Depois de quase um mês após o regresso, consigo transmitir o que senti.
Eu queria muito ir! Queria estar lá e ver com os meus olhos.
Cheguei numa manhã fria e com nevoeiro. A entrada com a célebre inscrição "o trabalho liberta" foi o primeiro murro.
Dali para a frente, a emoção apoderou-se de mim. A guia ia relatando o horror que ali aconteceu e, ante mim, desfilaram os pedaços da vida de tantos milhões de pessoas. O casaquinho do bebé, o sapatinho comprado com o maior amor do mundo, os objectos que foram resgatados da intimidade do lar numa saída urgente para um destino de horror, a mala com o nome em letras grandes para que fosse possível, num futuro que nunca chegou, resgatar a identidade e a alma roubada por carrascos desumanos.

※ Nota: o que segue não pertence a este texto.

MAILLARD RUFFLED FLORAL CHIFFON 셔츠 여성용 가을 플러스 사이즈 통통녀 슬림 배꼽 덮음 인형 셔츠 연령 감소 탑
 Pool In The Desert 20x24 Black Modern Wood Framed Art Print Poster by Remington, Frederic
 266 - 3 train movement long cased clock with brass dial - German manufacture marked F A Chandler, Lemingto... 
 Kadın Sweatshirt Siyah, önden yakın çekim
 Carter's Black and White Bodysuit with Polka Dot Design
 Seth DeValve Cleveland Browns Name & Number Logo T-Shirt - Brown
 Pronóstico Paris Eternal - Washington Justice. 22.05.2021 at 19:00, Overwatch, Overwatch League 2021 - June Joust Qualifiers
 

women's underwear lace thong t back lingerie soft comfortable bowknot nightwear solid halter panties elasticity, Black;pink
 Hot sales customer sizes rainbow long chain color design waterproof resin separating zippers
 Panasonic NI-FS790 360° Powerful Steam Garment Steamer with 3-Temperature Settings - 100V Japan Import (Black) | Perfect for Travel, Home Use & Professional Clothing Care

Ao entrar na câmara de gás, um silêncio aterrador desceu sobre todos. Ninguém falou, ninguém fotografou, ninguém riu. Estar ali foi transportar aos ombros toda a dor do mundo e a crueldade do ser humano. A 100 metros existia ainda a casa onde viveu o director do campo com toda a sua família. A digna esposa, descreveu num livro, o quanto era belo aquele seu lugar, chegando mesmo a compará-lo ao paraíso!! Dali, com toda a certeza, ouviam-se os gritos dos que morriam e logo que saísse de casa era impossível não se aperceber do que a rodeava. Estupidez ou crueldade pura?
De todos os relatos e evidências ressaltou a crueldade e os requintes de sadismo de quem o perpetuou. Era um ambiente de guerra, obedeciam a ordens (conforme todos justificaram logo que se sentiram ameaçados pelo final da guerra) não havia uma saída que não se pagasse com a própria morte,... e mais desculpas e desculpas.
NADA, absolutamente nada, justifica os requintes de sadismo, de falta de humanidade, de gozo puro perante o sofrimento humano, de zelo maquiavélico para que tudo fosse cumprido e executado.
E este sentimento de incompreensão permanece ainda em mim!
À saída, por entre os carris, passeava-se uma menina loira com chapéu de flores. Emocionei-me.
70 anos separam a chegada dos prisioneiros a este lugar e o caminhar para o futuro desta menina, avançando decidida num local que foi o fim para tantos inocentes.
Permito-me ficar com esta imagem,não esquecendo nunca que 70 anos é o espaço que separa o sofrimento daquele lugar, da possibilidade que eu tive de entrar, sentir e voltar a sair em liberdade.
70 anos não são nada!
É necessário estarmos atentos. Muito atentos!